Before alighting upon the physical Canyon, the tourist typically has read and absorbed varieties of written and visual representations of the place. 

Thus, when she sees the Canyon with her own eyes, she is unable to have an unmediated/authentic experience. She is either disappointed with the real Canyon because it can't measure up to a preexisting image of it in her mind, or she is elated but the elation is equally mediated by the preexisting hype surrounding the Canyon. 

Percy says that a sightseer is inevitably unable to appreciate the Grand Canyon on its own merit. One sees haplessly through the lens of a "symbolic complex".

The Cambridge monastery isn't as iconic as the Grand Canyon, but as I read its representation I feel like I'm slipping into the symbolic complex already. It's as if the monastery is being slowly but surely branded in my mind as a particular place with a particular selling point.

The specific selling point of the Cambridge monastery is its promise of silence. Described as a "refuge silent enough to hear God's whisper," the monastery is then hyped into an extended embodiment of this alluring silence, a sort of silence which becomes a pricey commodity because it is in short supply in this world.

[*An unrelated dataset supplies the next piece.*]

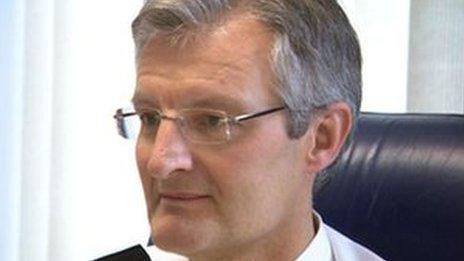 Chief Constable David Crompton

Situated in the bastion of "secular modernity" of Harvard and M.I.T. the monastery's coordinates are exceptional. Doubly exceptional is its ability to separate the visitor from the secular chatter while she is in the eye of that chatter:
People are drowning in words and drowning in information,” [said Brother Geoffrey Tristram, 58, the superior of the monastery’s order, who used to lead a congregation as a priest] [...] “Words are bombarding us from every side — to buy things, to believe things, to subscribe to things. We are trying to build a place to be still and silent. So many voices around us are shouting. God tends not to shout.
The monastery attunes one to God's voice which is the voice within.

An image of the place has already been implanted firmly in my mind, such that if and when I visit the monastery, I will be expecting to experience this cardinal silence that the monastery has morphed into in my mind's eye. 

By the way, to be able to consume this rare form of silence, one would have to dish out a $100 per night.